* _Material provided_:
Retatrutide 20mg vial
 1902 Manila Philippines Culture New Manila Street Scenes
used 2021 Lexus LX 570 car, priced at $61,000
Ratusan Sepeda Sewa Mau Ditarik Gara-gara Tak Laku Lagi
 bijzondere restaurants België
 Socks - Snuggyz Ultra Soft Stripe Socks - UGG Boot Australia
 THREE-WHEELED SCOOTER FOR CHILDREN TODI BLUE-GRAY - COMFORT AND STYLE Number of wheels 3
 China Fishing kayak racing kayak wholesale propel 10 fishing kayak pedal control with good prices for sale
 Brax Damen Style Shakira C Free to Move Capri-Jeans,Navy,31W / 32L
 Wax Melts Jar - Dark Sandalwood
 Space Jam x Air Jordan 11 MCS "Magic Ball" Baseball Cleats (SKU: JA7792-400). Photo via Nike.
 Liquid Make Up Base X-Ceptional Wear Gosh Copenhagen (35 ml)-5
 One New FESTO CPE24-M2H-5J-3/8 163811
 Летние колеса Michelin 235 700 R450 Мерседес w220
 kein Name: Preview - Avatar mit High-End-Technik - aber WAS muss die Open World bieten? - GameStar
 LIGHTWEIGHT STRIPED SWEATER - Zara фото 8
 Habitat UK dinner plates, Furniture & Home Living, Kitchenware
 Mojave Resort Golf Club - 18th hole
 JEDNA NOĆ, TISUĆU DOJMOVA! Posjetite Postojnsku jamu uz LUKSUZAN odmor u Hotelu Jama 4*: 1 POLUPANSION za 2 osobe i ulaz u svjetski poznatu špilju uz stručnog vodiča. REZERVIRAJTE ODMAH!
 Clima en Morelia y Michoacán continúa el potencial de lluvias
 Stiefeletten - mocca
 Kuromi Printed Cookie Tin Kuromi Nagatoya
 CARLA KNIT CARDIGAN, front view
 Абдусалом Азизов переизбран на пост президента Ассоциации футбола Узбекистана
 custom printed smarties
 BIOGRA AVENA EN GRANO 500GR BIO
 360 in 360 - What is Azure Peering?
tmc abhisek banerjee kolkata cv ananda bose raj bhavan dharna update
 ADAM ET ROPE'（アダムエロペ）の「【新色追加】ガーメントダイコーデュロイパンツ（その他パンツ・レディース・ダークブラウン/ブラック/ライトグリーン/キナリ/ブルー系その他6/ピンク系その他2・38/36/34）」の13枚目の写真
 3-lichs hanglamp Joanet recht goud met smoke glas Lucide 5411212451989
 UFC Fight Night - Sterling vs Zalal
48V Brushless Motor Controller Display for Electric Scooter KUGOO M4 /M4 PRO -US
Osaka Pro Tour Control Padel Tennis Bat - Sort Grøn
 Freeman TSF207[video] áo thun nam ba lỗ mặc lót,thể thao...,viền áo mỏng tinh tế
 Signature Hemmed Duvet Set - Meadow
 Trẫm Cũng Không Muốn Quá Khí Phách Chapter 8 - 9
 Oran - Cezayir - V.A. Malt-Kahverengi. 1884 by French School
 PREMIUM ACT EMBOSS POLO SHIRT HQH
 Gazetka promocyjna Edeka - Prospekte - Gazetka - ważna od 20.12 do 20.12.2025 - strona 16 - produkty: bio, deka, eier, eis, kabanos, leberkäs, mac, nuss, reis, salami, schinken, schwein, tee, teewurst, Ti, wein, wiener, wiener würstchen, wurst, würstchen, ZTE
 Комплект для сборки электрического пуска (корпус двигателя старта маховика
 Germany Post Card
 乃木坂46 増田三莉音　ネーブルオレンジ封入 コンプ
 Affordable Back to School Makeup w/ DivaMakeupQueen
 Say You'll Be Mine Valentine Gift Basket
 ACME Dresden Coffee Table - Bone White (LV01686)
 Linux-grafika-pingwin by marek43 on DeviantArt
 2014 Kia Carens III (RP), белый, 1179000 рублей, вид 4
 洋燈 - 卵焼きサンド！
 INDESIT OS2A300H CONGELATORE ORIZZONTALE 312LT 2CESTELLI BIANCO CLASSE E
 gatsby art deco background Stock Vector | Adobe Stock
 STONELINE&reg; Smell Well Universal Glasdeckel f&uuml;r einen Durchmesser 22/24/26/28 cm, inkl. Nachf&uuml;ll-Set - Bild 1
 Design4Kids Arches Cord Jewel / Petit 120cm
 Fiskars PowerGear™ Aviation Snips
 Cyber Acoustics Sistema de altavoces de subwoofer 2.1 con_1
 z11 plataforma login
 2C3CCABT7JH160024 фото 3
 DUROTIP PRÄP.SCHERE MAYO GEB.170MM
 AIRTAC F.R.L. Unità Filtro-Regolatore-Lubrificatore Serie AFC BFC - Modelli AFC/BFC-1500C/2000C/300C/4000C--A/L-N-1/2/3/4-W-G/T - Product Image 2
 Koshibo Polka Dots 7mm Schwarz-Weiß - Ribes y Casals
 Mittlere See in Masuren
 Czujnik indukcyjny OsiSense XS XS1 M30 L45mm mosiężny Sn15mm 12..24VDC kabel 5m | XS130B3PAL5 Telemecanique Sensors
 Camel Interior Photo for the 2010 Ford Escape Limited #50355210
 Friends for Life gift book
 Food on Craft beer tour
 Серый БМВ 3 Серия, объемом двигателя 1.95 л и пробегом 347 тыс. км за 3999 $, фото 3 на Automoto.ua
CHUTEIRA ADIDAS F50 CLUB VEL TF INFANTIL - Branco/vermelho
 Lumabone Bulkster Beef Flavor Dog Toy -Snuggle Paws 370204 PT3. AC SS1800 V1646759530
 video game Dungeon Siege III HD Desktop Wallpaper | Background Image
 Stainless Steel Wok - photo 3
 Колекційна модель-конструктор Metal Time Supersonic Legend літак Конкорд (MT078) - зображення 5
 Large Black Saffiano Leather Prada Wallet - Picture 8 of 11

* _Required action_: Retype all the material exactly, missing nothing.

* _Exercise result_:
Retatrutide 20mg vial
 1902 Manila Philippines Culture New Manila Street Scenes
used 2021 Lexus LX 570 car, priced at $61,000
Ratusan Sepeda Sewa Mau Ditarik Gara-gara Tak Laku Lagi
 bijzondere restaurants België
 Socks - Snuggyz Ultra Soft Stripe Socks - UGG Boot Australia
 THREE-WHEELED SCOOTER FOR CHILDREN TODI BLUE-GRAY - COMFORT AND STYLE Number of wheels 3
 China Fishing kayak racing kayak wholesale propel 10 fishing kayak pedal control with good prices for sale
 Brax Damen Style Shakira C Free to Move Capri-Jeans,Navy,31W / 32L
 Wax Melts Jar - Dark Sandalwood
 Space Jam x Air Jordan 11 MCS "Magic Ball" Baseball Cleats (SKU: JA7792-400). Photo via Nike.
 Liquid Make Up Base X-Ceptional Wear Gosh Copenhagen (35 ml)-5
 One New FESTO CPE24-M2H-5J-3/8 163811
 Летние колеса Michelin 235 700 R450 Мерседес w220
 kein Name: Preview - Avatar mit High-End-Technik - aber WAS muss die Open World bieten? - GameStar
 LIGHTWEIGHT STRIPED SWEATER - Zara фото 8
 Habitat UK dinner plates, Furniture & Home Living, Kitchenware
 Mojave Resort Golf Club - 18th hole
 JEDNA NOĆ, TISUĆU DOJMOVA! Posjetite Postojnsku jamu uz LUKSUZAN odmor u Hotelu Jama 4*: 1 POLUPANSION za 2 osobe i ulaz u svjetski poznatu špilju uz stručnog vodiča. REZERVIRAJTE ODMAH!
 Clima en Morelia y Michoacán continúa el potencial de lluvias
 Stiefeletten - mocca
 Kuromi Printed Cookie Tin Kuromi Nagatoya
 CARLA KNIT CARDIGAN, front view
 Абдусалом Азизов переизбран на пост президента Ассоциации футбола Узбекистана
 custom printed smarties
 BIOGRA AVENA EN GRANO 500GR BIO
 360 in 360 - What is Azure Peering?
tmc abhisek banerjee kolkata cv ananda bose raj bhavan dharna update
 ADAM ET ROPE'（アダムエロペ）の「【新色追加】ガーメントダイコーデュロイパンツ（その他パンツ・レディース・ダークブラウン/ブラック/ライトグリーン/キナリ/ブルー系その他6/ピンク系その他2・38/36/34）」の13枚目の写真
 3-lichs hanglamp Joanet recht goud met smoke glas Lucide 5411212451989
 UFC Fight Night - Sterling vs Zalal
48V Brushless Motor Controller Display for Electric Scooter KUGOO M4 /M4 PRO -US
Osaka Pro Tour Control Padel Tennis Bat - Sort Grøn
 Freeman TSF207[video] áo thun nam ba lỗ mặc lót,thể thao...,viền áo mỏng tinh tế
 Signature Hemmed Duvet Set - Meadow
 Trẫm Cũng Không Muốn Quá Khí Phách Chapter 8 - 9
 Oran - Cezayir - V.A. Malt-Kahverengi. 1884 by French School
 PREMIUM ACT EMBOSS POLO SHIRT HQH
 Gazetka promocyjna Edeka - Prospekte - Gazetka - ważna od 20.12 do 20.12.2025 - strona 16 - produkty: bio, deka, eier, eis, kabanos, leberkäs, mac, nuss, reis, salami, schinken, schwein, tee, teewurst, Ti, wein, wiener, wiener würstchen, wurst, würstchen, ZTE
 Комплект для сборки электрического пуска (корпус двигателя старта маховика
 Germany Post Card
 乃木坂46 増田三莉音　ネーブルオレンジ封入 コンプ
 Affordable Back to School Makeup w/ DivaMakeupQueen
 Say You'll Be Mine Valentine Gift Basket
 ACME Dresden Coffee Table - Bone White (LV01686)
 Linux-grafika-pingwin by marek43 on DeviantArt
 2014 Kia Carens III (RP), белый, 1179000 рублей, вид 4
 洋燈 - 卵焼きサンド！
 INDESIT OS2A300H CONGELATORE ORIZZONTALE 312LT 2CESTELLI BIANCO CLASSE E
 gatsby art deco background Stock Vector | Adobe Stock
 STONELINE&reg; Smell Well Universal Glasdeckel f&uuml;r einen Durchmesser 22/24/26/28 cm, inkl. Nachf&uuml;ll-Set - Bild 1
 Design4Kids Arches Cord Jewel / Petit 120cm
 Fiskars PowerGear™ Aviation Snips
 Cyber Acoustics Sistema de altavoces de subwoofer 2.1 con_1
 z11 plataforma login
 2C3CCABT7JH160024 фото 3
 DUROTIP PRÄP.SCHERE MAYO GEB.170MM
 AIRTAC F.R.L. Unità Filtro-Regolatore-Lubrificatore Serie AFC BFC - Modelli AFC/BFC-1500C/2000C/300C/4000C--A/L-N-1/2/3/4-W-G/T - Product Image 2
 Koshibo Polka Dots 7mm Schwarz-Weiß - Ribes y Casals
 Mittlere See in Masuren
 Czujnik indukcyjny OsiSense XS XS1 M30 L45mm mosiężny Sn15mm 12..24VDC kabel 5m | XS130B3PAL5 Telemecanique Sensors
 Camel Interior Photo for the 2010 Ford Escape Limited #50355210
 Friends for Life gift book
 Food on Craft beer tour
 Серый БМВ 3 Серия, объемом двигателя 1.95 л и пробегом 347 тыс. км за 3999 $, фото 3 на Automoto.ua
CHUTEIRA ADIDAS F50 CLUB VEL TF INFANTIL - Branco/vermelho
 Lumabone Bulkster Beef Flavor Dog Toy -Snuggle Paws 370204 PT3. AC SS1800 V1646759530
 video game Dungeon Siege III HD Desktop Wallpaper | Background Image
 Stainless Steel Wok - photo 3
 Колекційна модель-конструктор Metal Time Supersonic Legend літак Конкорд (MT078) - зображення 5
 Large Black Saffiano Leather Prada Wallet - Picture 8 of 11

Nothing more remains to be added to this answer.